Cutlet
['kʌtlɪt] or ['kʌtlət]
解釋/意思:
(n.) A piece of meat, especially of veal or mutton, cut for broiling.
整理:丽纳
解釋/意思:
n. a slice of meat cut off for cooking esp. of mutton or veal—generally the rib and the meat belonging to it.
奥尔多手打
例句/造句/用法:
- And here's the cutlet! 查理斯·狄更斯. 我們共同的朋友.
- I thought you liked boiled chicken better than cutlet, Mrs. Vesey? 威爾基·柯林斯. 白衣女人.
- Wery good little dinner, sir, they can get ready in half an hour--pair of fowls, sir, and a weal cutlet; French beans, 'taturs, tart, and tidiness. 查理斯·狄更斯. 匹克威克外傳.
- After some discussion on the relative merits of veal-cutlet, sweetbread, and lobster, a decision was pronounced in favour of veal-cutlet. 查理斯·狄更斯. 我們共同的朋友.

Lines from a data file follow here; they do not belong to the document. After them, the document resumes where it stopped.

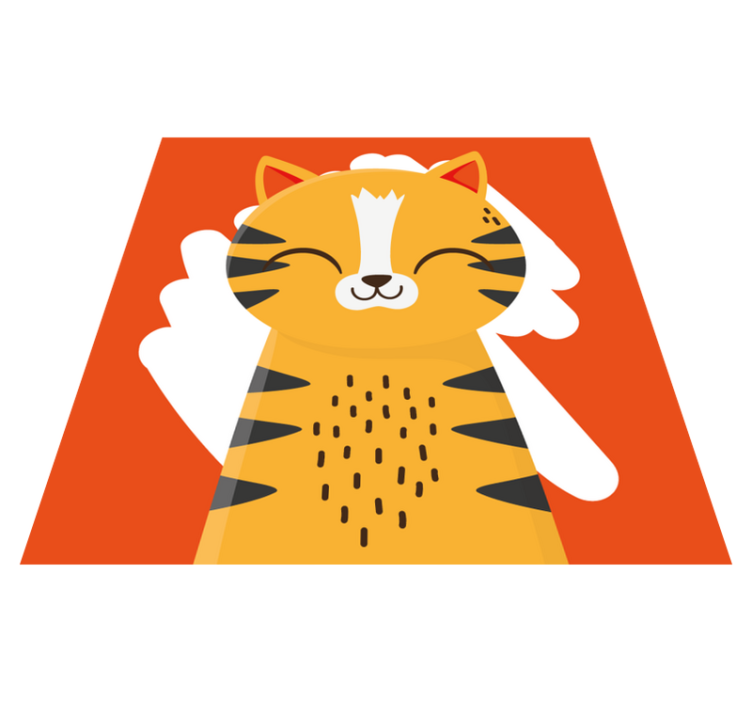 비닐 카펫 보육 행복한 호랑이 디자인 - TenStickers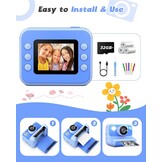 LETSHAHA Instant Print Camera voor Kids - Blauw - 2,4 inch scherm - Inclusief 32GB SD-kaart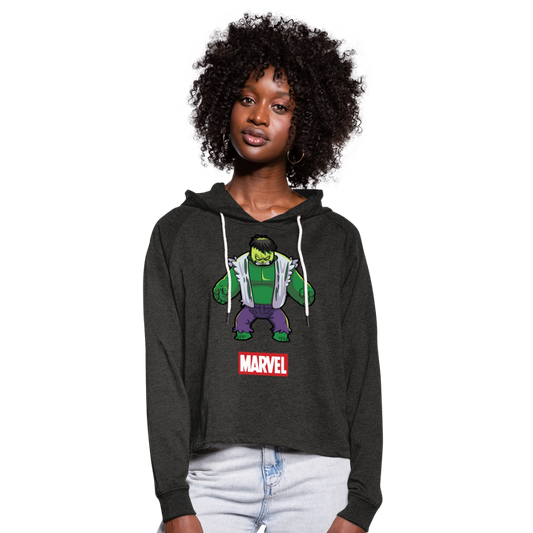 Sudadera cropped con capucha"Hulk" - charcoal grey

- And they fought for veal-cutlets out of a silver basket. 查理斯·狄更斯. 遠大前程.
- At my own house I had turtle cutlets fried; they were perfectly good, and tasted like turtle. 威廉K.大衛. 智者、化學家和偉大醫生的秘密.
- I don't know when I've known him make a better one, and he's ordered a good dish of cutlets for his lunch. 亞瑟·柯南·道爾. 福爾摩斯歸來記.
- Come, Pip, said Joe, persuasively, if there warn't no weal-cutlets, at least there was dogs? 查理斯·狄更斯. 遠大前程.